Les vertus de la méditation dépassent d’ailleurs le cadre de la sphère personnelle ou professionnelle car elles intéressent maintenant le monde politique. En décembre dernier, le gouverneur de l’état de Guerrero au Mexique, région meurtrie par la violence sanguinaire des narcotrafiquants, a fait appel au maître indien Sri Sri Ravi Shankar pour diffuser sa technique de respiration et de méditation permettant au corps de sécréter plus de sérotonine, l’hormone du bien-être. (350 millions de personnes ont déjà suivi son programme dans le monde). Un mois plus tôt, ce même leader spirituel réussissait à convaincre les négociateurs des Forces armées révolutionnaires de Colombie, engagés dans un processus de paix avec le gouvernement, d’apprendre à méditer (cf à ce sujet l’article paru dans Le Monde le 6 décembre 2016).
De nombreuses pratiques sont regroupées sous le terme « méditation » dont le point commun nous semble être le besoin de retour sur soi, de présence à soi même.

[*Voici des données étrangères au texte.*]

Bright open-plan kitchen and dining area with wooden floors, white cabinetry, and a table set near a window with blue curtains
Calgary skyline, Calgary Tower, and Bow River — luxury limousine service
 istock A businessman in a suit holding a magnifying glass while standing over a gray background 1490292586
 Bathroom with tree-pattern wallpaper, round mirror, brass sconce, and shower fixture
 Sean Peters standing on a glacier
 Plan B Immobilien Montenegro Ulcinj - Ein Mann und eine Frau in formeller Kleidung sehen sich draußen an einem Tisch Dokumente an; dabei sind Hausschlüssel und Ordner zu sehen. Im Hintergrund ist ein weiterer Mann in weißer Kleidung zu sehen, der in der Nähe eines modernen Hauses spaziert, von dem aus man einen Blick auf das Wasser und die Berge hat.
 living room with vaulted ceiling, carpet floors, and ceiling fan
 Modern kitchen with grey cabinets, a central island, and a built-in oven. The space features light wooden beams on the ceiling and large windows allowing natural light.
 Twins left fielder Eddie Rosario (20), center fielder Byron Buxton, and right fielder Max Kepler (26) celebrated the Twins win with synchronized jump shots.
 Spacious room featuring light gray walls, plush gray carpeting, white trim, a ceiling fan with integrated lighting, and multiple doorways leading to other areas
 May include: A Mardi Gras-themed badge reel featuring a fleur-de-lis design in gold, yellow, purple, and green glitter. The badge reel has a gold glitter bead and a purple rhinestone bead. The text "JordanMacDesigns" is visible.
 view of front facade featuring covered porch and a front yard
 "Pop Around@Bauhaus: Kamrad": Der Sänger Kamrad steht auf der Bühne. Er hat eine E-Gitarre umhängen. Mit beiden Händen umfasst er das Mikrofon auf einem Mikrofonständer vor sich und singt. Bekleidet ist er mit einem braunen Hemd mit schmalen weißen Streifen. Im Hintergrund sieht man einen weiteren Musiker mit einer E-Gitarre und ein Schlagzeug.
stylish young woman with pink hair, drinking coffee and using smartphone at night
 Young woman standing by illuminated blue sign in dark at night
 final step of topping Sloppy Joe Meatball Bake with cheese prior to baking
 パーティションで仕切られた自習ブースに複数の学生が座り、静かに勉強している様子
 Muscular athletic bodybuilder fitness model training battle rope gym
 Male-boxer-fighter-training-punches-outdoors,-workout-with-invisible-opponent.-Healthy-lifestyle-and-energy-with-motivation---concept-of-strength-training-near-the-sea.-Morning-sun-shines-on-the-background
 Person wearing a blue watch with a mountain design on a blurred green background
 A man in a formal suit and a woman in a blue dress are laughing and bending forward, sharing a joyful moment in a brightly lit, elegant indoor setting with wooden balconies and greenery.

Pourquoi est-ce que je médite ? Qui médite en moi ? Quel est l’objet, le point focal, le centre de ma méditation ? À quoi je me relie lorsque je médite ? Quels sont les effets de ma méditation à l’intérieur et à l’extérieur de moi-même ? Nous ne voulons pas ici dresser un inventaire de toutes les techniques de méditation en les classant par rapport à ces cinq questions. Chaque pratiquant d’une méditation peut s’observer afin de tenter de répondre pour lui-même. Nous proposons ici un point de vue sur une méditation issue d’une conception du monde qui prend en compte la dimension triple de l’être humain – Esprit, Âme et Corps – telle qu’il en était question dans les civilisations indienne et chinoise, égyptienne, sémitique, grecque et romaine, soufis, celte, etc. La chrétienté a également partagé cette vision anthropologique pendant de nombreux siècles comme l’illustre ce texte d’Ephrem le Syrien, un chrétien d’Orient du IVème siècle :
Car l’âme est précieuse, encore plus que le corps,
Et précieux est l’esprit, plus encore que l’âme,
Et la divinité plus cachée que l’esprit.
De la beauté de l’âme, le corps se revêtira
Quand surviendra la fin.
L’âme revêtira la beauté de l’esprit,
L’esprit revêtira en son visage même
La Majesté divine.
Le corps au rang de l’âme se verra élevé,
L’âme au rang de l’esprit,
L’esprit à la hauteur où est la Majesté.
Cette conception de l’homme comme un être triple a disparu de notre civilisation occidentale au XIIème siècle lors d’un concile ecclésiastique de l’église de Rome. Elle a été progressivement remplacée par celle qui reste encore notre modèle de référence : celle d’un être possédant une réalité physique – un corps, et une âme réduite à une fonction d’appareil psychique. Ainsi, la troisième réalité, la dimension de l’Esprit a-t-elle été confisquée et effacée progressivement de la mémoire des hommes. Ce principe spirituel que l’homme porte au plus profond de lui-même, comme une semence en devenir, est appelé dans certaines traditions « Rose du cœur ». Il réside à l’intersection de notre réalité horizontale et de nos aspirations verticales. Toutes les écoles spirituelles de bonne foi, de Platon aux Rose-Croix du XVIIème siècle, se sont entièrement vouées à faire émerger à la conscience de l’homme cette réalité oubliée, en en faisant le point de départ et l’aboutissement de leur méditation, en vue de reconstruire l’Homme de l’origine selon l’Esprit, l’Âme vivante et le Corps.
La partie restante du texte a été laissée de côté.